Eliezer was now also selling old radios; models from the forties and fifties were on display on a table next to speeches by Fidel.
“They sell in dollars. Thirty each.”
“Thirty dollars!” the student repeated, aghast.
“They’re more than fifty years old,” Eliezer said, but the student was already out the door and didn’t hear him.
“Naaachi!” Eliezer said in that voice people often use when talking to babies, high pitched and childlike, as he rocked the dog in his arms. “I know you’re jealous, but I have to speak to customers.” Then, to me: “Do you know why she’s called Nachi? There are two of them, both puppies I picked up when they were abandoned. This one is Nachi, which is China transposed. Do you know why? China is Raúl Castro’s nickname. Her sister is Elfid, which is Fidel transposed. You see? Two female dogs named after the two brothers. Do you know how I got them? Before the old couple died, they rented a room to a jinetera. After they got sick, I didn’t want any trouble with the police, so I threw her out. Can you imagine? They accuse me of being a pimp and throw me in jail. She left behind two puppies in the wardrobe. She hid them there so the old couple wouldn’t find them. And then she was just going to leave them there to die. You see how mean people can be? I found them and thought: I don’t want the same thing to happen to them that has happened to us under the Castros.”
A dogfight had erupted at my feet: a black one leaped on the back of a white one, biting her, as a gray one tried unsuccessfully to get into the game. The three tousled and nipped.
“Let me show you something,” Eliezer said, lifting Nachi way up.
“Isn’t that right, Nachi?” Eliezer said, his lips practically against the dog’s snout, as if about to kiss her, speaking in such a piercing voice that it made him sound like a kid having a tantrum. “You’ll never snitch on me, right, Nachi?”
Nachi—who was up above Eliezer’s head—raised her snout to the ceiling and, as Eliezer continued to ask, “Isn’t that right, Nachi?” let out a long, deep howl, as if responding to her master’s exhortations with that sharp, interminable complaint, her desperate wail filling the bookstore.

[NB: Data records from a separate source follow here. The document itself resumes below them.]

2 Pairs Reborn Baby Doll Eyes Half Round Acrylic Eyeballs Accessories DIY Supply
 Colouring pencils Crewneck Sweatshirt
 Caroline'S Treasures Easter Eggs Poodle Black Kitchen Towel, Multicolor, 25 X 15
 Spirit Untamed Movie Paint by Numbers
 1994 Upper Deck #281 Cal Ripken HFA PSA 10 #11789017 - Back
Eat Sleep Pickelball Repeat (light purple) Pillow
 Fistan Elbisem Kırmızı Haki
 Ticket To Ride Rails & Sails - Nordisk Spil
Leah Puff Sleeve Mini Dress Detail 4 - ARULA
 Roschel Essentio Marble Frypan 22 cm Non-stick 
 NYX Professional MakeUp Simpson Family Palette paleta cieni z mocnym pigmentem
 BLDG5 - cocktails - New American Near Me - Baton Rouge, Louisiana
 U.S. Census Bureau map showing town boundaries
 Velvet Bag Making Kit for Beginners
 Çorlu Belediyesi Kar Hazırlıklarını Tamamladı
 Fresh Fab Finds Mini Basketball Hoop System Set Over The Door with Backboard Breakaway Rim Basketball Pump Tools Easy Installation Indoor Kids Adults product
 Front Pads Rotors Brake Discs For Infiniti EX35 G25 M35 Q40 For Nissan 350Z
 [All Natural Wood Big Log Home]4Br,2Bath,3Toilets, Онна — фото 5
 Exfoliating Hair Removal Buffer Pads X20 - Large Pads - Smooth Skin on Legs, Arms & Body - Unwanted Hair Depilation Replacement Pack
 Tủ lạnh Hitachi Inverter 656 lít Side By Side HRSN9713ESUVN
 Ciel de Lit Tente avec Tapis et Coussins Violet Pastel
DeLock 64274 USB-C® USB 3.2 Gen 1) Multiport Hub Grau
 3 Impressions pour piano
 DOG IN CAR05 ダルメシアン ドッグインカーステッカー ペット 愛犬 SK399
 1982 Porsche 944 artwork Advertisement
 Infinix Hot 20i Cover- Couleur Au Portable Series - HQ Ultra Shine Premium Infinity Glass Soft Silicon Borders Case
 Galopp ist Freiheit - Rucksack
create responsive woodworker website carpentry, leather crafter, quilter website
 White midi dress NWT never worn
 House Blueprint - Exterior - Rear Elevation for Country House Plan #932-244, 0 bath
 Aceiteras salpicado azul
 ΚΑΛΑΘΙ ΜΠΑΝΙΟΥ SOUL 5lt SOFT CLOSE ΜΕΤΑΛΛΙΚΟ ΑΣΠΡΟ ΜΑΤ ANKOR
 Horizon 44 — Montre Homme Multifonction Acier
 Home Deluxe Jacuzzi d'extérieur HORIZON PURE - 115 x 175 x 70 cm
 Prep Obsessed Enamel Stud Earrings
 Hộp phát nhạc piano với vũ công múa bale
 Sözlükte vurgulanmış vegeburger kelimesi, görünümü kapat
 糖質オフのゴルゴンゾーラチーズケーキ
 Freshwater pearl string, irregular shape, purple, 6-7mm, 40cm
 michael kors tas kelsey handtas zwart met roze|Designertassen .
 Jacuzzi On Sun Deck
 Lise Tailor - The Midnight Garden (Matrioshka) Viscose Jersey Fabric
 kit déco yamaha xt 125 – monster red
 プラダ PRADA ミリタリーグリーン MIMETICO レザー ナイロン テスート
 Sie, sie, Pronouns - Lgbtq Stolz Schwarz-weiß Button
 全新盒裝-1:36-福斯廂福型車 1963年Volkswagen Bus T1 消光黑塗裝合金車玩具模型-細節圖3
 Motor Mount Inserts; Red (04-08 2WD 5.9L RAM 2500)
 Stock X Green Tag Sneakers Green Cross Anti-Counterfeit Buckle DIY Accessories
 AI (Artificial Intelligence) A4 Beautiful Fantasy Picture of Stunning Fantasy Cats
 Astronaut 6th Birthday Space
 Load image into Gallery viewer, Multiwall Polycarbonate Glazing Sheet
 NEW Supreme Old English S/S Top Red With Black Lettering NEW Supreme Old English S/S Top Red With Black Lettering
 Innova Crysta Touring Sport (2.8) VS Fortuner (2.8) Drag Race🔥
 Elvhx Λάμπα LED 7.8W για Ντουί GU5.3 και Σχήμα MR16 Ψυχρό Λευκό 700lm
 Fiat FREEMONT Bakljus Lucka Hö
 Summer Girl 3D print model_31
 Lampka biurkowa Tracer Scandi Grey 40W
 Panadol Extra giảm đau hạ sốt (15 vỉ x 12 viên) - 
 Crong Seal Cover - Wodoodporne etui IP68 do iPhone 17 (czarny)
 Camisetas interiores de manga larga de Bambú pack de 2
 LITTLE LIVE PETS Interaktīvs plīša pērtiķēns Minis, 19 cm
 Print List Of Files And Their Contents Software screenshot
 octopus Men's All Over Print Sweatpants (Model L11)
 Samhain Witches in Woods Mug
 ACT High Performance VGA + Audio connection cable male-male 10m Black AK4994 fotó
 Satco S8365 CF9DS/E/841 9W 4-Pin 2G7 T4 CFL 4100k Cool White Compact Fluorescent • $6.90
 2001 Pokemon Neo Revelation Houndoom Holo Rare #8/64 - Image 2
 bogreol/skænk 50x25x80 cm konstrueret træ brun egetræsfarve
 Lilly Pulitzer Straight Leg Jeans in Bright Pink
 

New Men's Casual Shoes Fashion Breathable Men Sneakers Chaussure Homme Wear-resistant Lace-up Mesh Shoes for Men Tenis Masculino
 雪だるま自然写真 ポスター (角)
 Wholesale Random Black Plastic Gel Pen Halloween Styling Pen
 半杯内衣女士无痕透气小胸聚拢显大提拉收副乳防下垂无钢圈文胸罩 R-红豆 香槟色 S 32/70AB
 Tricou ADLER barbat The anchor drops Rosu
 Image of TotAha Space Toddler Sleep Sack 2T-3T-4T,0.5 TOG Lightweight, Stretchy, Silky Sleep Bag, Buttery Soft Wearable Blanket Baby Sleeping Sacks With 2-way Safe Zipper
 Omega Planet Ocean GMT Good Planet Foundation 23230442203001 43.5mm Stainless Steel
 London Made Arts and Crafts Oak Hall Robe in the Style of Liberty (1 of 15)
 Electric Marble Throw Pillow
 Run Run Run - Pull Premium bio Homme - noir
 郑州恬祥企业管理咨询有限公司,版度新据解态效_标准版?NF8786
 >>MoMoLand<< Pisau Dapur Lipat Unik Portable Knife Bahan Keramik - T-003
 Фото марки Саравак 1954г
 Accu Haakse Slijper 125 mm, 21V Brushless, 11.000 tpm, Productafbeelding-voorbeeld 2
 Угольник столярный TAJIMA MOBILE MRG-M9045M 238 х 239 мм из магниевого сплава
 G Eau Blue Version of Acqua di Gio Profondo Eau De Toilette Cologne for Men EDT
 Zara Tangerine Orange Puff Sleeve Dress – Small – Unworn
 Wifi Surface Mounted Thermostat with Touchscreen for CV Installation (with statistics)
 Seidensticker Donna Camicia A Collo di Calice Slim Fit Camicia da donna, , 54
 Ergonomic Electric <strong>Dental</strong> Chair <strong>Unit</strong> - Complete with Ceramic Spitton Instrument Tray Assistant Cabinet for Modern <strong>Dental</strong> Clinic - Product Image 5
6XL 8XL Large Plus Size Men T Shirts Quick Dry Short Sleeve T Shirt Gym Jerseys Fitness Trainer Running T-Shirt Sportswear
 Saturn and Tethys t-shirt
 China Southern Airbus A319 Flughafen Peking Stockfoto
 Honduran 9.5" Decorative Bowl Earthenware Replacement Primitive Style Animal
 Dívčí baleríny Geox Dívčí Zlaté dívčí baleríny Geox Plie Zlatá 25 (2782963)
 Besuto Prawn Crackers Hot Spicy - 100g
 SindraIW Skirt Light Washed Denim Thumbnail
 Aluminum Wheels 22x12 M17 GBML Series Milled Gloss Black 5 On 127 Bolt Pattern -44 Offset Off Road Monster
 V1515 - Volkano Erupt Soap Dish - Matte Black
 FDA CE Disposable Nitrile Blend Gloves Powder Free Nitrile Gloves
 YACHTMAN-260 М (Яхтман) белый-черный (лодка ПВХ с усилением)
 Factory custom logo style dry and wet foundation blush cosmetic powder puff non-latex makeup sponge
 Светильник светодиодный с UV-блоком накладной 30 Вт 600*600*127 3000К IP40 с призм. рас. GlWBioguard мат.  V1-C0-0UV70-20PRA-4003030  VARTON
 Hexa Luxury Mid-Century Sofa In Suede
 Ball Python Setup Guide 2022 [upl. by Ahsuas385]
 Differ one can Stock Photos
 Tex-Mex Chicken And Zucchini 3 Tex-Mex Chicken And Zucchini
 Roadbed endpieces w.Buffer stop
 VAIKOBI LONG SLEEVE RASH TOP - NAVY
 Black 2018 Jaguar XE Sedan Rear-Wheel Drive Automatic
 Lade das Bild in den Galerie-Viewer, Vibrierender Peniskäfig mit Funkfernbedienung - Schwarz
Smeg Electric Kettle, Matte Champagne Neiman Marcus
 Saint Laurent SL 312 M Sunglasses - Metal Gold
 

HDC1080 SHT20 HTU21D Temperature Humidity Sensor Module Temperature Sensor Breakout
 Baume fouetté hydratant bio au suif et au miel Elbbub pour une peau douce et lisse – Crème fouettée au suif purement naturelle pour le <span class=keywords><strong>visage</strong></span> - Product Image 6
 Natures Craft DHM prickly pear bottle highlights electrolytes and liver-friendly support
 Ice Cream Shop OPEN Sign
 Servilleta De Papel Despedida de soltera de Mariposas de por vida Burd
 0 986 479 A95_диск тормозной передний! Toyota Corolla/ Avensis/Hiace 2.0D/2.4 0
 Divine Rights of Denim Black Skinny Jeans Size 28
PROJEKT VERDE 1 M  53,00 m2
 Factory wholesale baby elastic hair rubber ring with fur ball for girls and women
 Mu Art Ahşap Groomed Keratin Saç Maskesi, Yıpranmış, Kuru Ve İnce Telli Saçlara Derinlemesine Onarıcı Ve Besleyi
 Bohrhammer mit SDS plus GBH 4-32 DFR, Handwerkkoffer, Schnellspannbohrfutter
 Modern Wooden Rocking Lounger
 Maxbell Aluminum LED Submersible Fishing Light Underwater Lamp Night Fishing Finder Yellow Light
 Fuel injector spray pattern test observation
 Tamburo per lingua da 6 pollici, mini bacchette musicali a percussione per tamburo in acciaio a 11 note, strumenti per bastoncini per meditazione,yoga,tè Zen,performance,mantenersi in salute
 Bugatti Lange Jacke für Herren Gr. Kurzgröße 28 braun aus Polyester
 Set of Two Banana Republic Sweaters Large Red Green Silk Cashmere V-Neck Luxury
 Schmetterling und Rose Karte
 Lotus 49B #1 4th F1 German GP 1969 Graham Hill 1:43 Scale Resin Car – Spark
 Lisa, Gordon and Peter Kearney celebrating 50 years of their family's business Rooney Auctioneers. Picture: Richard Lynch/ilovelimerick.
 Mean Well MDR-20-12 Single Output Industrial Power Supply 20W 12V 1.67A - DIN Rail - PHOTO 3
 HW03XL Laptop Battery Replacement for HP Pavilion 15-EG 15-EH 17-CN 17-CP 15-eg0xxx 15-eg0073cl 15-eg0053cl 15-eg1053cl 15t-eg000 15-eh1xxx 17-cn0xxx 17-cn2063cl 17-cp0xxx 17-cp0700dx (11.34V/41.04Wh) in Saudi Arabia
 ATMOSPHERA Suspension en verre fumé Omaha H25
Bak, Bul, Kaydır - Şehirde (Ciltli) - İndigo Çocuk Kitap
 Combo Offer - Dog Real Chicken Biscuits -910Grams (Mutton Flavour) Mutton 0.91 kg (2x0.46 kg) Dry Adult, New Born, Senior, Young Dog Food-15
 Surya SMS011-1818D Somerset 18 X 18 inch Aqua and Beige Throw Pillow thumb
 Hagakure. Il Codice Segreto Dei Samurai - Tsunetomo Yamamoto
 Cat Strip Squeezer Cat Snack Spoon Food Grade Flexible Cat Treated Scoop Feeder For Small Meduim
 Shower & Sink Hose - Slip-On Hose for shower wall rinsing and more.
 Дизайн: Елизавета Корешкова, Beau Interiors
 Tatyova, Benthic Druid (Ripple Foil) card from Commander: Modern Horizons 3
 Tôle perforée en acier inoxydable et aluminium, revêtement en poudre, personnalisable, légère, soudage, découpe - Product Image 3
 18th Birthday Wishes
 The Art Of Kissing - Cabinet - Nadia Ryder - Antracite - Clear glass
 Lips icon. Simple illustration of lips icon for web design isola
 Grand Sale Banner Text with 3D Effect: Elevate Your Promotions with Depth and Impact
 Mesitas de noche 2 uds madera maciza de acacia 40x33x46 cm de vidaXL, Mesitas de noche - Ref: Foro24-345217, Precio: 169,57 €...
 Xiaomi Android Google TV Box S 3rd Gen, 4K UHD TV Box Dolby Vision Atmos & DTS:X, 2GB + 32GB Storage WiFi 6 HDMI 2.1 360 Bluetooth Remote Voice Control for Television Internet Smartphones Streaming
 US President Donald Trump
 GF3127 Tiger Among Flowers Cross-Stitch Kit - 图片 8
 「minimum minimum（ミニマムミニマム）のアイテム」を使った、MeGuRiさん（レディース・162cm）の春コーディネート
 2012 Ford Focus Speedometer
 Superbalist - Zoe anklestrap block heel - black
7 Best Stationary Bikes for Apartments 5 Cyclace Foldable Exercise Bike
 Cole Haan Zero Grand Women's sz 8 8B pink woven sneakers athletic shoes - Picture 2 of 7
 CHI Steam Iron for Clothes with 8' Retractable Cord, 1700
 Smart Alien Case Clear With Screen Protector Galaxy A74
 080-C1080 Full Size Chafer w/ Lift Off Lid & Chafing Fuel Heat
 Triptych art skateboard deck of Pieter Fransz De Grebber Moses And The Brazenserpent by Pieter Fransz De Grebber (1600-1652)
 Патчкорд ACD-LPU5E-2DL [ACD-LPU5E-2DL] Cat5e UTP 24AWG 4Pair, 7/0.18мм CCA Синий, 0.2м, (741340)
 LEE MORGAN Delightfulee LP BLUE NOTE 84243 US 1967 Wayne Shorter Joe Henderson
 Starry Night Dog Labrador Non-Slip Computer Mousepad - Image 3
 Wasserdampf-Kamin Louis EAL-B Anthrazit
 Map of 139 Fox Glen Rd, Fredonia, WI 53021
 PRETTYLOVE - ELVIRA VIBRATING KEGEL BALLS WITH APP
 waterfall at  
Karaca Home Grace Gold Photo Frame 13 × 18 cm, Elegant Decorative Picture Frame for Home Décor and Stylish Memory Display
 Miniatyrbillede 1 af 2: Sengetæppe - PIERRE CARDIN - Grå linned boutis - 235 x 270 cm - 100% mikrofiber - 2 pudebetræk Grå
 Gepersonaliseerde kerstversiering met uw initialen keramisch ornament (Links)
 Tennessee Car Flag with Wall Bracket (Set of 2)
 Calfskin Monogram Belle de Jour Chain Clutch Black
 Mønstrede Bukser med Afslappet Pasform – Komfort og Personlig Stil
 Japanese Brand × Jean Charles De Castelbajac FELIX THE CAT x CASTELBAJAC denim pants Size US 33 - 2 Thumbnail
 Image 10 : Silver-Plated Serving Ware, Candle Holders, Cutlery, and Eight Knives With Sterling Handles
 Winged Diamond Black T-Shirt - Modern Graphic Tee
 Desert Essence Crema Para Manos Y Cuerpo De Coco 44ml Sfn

“You’ll never snitch on me, right, Nachi?” Eliezer repeated as the dog howled louder and louder. Some of the other dogs had woken from their slumber and joined in her melancholy yowl. Wooow wooow wooow wooow. Wooow wooow wooow wooow. A cacophony of dogs howled and barked around Eliezer as he continued to ask, “Isn’t that right, Nachi?” and glanced down in amusement at this canine circus, which lasted for several minutes, ending only when he brought his arms down and set Nachi on the floor.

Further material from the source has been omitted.